Digital equipment offers this possibility too, but only if we can control the software.

Lets step back a bit here. Look at personal computers. These came on to the market in the 70's. Everyone liked them because they can do anything, so long as you can write or obtain a program. Over the decades, largely due to M$, personal computers have become less and less flexible, and more like fixed function appliances. Yes, more people use them, but as appliances.

Look at digital audio. It has never been flexible. It should be.

Imagine the following: You have a published architecture. It has a box, with battery backup for software, or Flash for software. It has an interface. It is your digital control preamp, or your 5.1 or 7.1 reciever. You decide what it does! You decide how it does tone controls. You decide about Dolby and THX. You decide what it does with the surround and center channels.

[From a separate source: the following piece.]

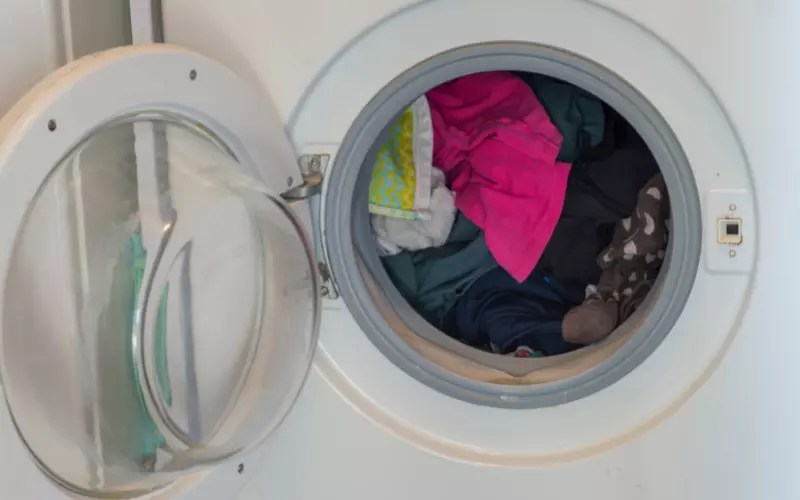 Samsung Washer Stuck on Spin Cycle (Causes & Fixes!) DiscussDiy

You decide everything about bass and subwoofer management. You can change all this with just a few buttons. The only limit is its computational power.

Sometimes you want to use delay on the surrounds, to simulate a big room. Sometimes you want bandwidth limited surrounds. Sometimes you want to be able to shunt LF back to the Left and Right. Sometimes you want it to go to a global subwoofer. Sometimes you might have a full range cener speaker. Sometimes you might want two tiers of bass management. Sometimes you might want room compensation.

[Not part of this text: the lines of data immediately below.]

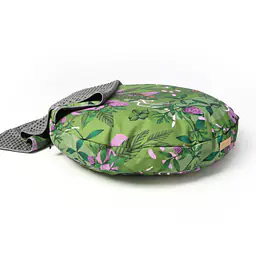 Round cushion with hood "Bug off" - Master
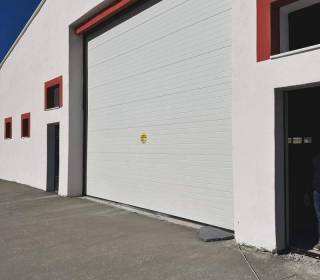 30e75493-eee3-46fd-b77d-aadfd5541b3e_original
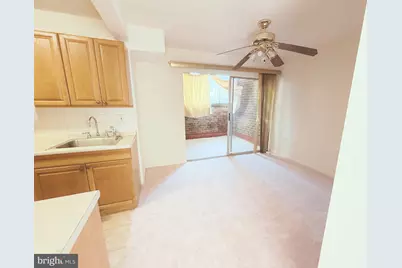 7716 Hanover Parkway #T-4, Greenbelt, MD 20770 - Photo 8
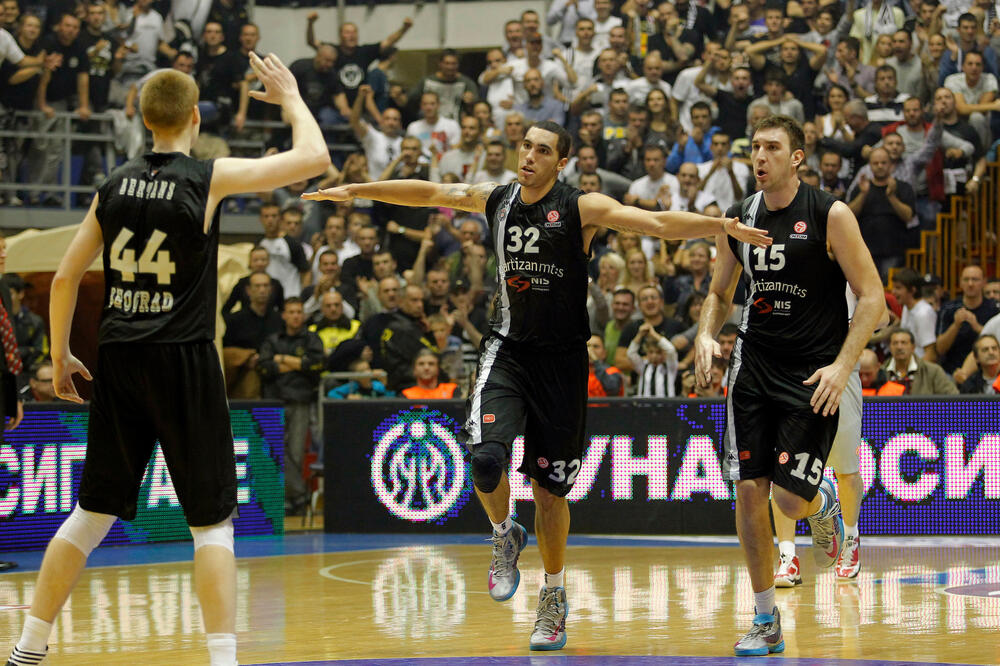 "AKO ME BUDU ŽELELI, VRAĆAM SE U PARTIZAN!" Ko je bio Dru Gordon, ljubimac Grobara? (VIDEO/FOTO)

Sometimes you want complex eq. Sometimes you want the Lucas THX compensation. Sometimes you might want sound compression, there really is no way to watch these movies now without having some of it be real real loud, without either compression or subtitles.

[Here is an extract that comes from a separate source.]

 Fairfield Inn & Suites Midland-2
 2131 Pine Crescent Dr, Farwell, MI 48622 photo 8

The point is, we should be in control!

Marketeers have been selling us menu options, things that we should have a much much greater deal of control over! These various approaches are things we should be inventing, not marketeers. Digital audio is turning us into cell phone bimbos!

The technology is good. The implementation has not been.

Open source, open architecture is the solution. PCs only took off because it worked out that way. All kinds of user groups, then third party commerical sources jumped in, once there was an open standard. It lasted until M$ was able to lock it up.

With digital audio, especially these control preamps and surround decoders, we have to be incharge.

You won't have to write the software yourself. Its a combination of third party commercial sources, and user and hobby groups, as well as individuals

This is how it should be! It should not be fixed function gimick boxes.

Once such a standard exists, we can presure industry to only sell that which is compatible. This will cover pro and home gear.

The fact that many consumers do not care is irrelevant. Once a standard is established, only cheapie junk will deviate from it.

As an example, look at midi. No one owns that. It works because manuf. were forced to comply by pressure.

Digital should give us more capability, more control, more options, not less.

Is anyone doing anything like this? Any ideas about this?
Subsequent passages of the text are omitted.